Journalists occasionally experience interference while performing their jobs. A regulation that went into effect in April 2014 limits the number of journalists accredited to the parliament, bans them from taking pictures of deputies’ personal belongings, and restricts their movement inside the parliament building. Separately, in 2012, Jaroslav Haščák, co-owner of Penta—a private equity firm implicated in the so-called Gorilla case, a major corruption scandal—unsuccessfully sought court injunctions against several websites that had published the files at the center of the scandal, and against a book about the affair written by the Canadian-Slovakian investigative journalist Tom Nicholson. In a separate case, in 2013, police pressured Nicholson to reveal his sources in an investigation of connections between an adviser to Interior Minister Robert Kaliňák and the head of a criminal organization. In May 2014, unidentified perpetrators stole Nicholson’s car—which contained his computer and documents with sensitive information—while he was traveling in Poland. Nicholson has expressed concern that people who supplied him with information could be at risk following the incident. Physical attacks on journalists are rare, and no major incidents were reported in 2014.
Most Slovak media outlets, including all major print outlets, are privately owned, and the country’s media outlets disseminate diverse views. The main operators in the radio market are Rádio Expres, which is privately owned, and the public Slovak Radio. Even though television remains the main source of information in the country, Slovaks enjoy growing access to the internet, which the government does not restrict; approximately 80 percent of the population used the medium in 2014. Private as well as public outlets have faced increasing financial pressure in recent years. Broadcasting taxes were reinstated in 2013 to ensure the independence and financial stability of the public broadcaster, Radio and Television of Slovakia (RTVS); the government also reintroduced state contracts as a form of income for RTVS.

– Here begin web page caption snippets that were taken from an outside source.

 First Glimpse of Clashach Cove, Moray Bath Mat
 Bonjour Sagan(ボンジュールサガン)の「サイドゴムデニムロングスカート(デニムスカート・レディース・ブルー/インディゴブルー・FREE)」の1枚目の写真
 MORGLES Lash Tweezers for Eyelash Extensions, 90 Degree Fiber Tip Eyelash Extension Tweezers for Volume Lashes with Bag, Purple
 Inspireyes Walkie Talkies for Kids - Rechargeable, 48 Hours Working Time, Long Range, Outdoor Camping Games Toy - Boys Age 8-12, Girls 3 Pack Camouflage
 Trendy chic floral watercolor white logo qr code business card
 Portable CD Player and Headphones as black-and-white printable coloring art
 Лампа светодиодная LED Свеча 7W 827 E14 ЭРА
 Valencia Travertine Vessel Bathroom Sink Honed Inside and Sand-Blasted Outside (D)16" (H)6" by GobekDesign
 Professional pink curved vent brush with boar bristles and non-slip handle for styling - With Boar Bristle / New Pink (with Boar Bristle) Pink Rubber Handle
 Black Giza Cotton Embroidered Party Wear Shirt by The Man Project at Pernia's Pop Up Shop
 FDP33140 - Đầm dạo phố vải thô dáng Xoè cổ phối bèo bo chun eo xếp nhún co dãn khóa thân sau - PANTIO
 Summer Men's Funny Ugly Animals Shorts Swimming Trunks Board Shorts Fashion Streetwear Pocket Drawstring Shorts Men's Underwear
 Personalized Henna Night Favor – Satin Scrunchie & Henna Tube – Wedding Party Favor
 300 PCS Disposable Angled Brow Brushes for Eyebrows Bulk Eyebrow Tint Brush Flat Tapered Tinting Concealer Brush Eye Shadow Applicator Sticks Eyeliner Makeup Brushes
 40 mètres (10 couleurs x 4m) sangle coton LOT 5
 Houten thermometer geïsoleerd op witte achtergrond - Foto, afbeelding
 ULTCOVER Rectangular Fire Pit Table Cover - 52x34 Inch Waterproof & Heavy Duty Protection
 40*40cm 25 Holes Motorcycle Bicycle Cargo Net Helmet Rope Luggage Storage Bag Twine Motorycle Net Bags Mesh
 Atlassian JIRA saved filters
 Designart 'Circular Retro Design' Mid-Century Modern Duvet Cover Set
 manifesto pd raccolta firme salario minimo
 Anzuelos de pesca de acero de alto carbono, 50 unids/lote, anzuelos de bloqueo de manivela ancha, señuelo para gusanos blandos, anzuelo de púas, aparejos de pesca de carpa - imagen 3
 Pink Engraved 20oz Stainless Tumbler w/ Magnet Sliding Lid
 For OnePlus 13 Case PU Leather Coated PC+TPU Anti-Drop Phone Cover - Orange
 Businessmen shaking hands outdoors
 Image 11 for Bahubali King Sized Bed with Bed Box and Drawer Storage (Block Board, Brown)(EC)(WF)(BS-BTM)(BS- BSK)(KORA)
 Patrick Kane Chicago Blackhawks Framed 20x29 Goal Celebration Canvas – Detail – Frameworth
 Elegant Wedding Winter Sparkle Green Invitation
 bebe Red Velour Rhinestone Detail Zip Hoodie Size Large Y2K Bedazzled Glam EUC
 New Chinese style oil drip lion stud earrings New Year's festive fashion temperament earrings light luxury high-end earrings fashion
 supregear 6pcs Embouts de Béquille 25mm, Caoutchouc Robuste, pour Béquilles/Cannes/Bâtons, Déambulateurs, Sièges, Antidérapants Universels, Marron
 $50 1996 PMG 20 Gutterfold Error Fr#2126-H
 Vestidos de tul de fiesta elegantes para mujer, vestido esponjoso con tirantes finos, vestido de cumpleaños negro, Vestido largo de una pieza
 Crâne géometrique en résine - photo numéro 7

Lack of transparency in media ownership remains a concern, as does the inadequate enforcement of regulations on the cross-ownership of outlets. The print market has seen significant changes in the past few years as a result of increasing concentration of ownership following acquisitions by Penta, whose leadership was infamously implicated in corrupt behavior alongside former government officials in the Gorilla scandal. Numerous journalists left the leading daily Sme in October 2014 after Penta announced its intention to buy a 50 percent share in Petit Press, the publisher of Sme and of Slovakia’s Hungarian- and English-language newspapers. Penta backtracked at the last minute and acquired a 45 percent share in the publisher, but the purchase nevertheless left press freedom advocates anxious about ownership concentration and potential links between media owners and government officials. Penta also purchased the publishers 7 Plus and Trend Holding in September. Slovakia’s leading financial group, J&T, has indirect links to Pravda, a prominent daily, and owns the second-largest commercial broadcaster, TV Joj. Both outlets receive substantial advertising from companies linked to J&T.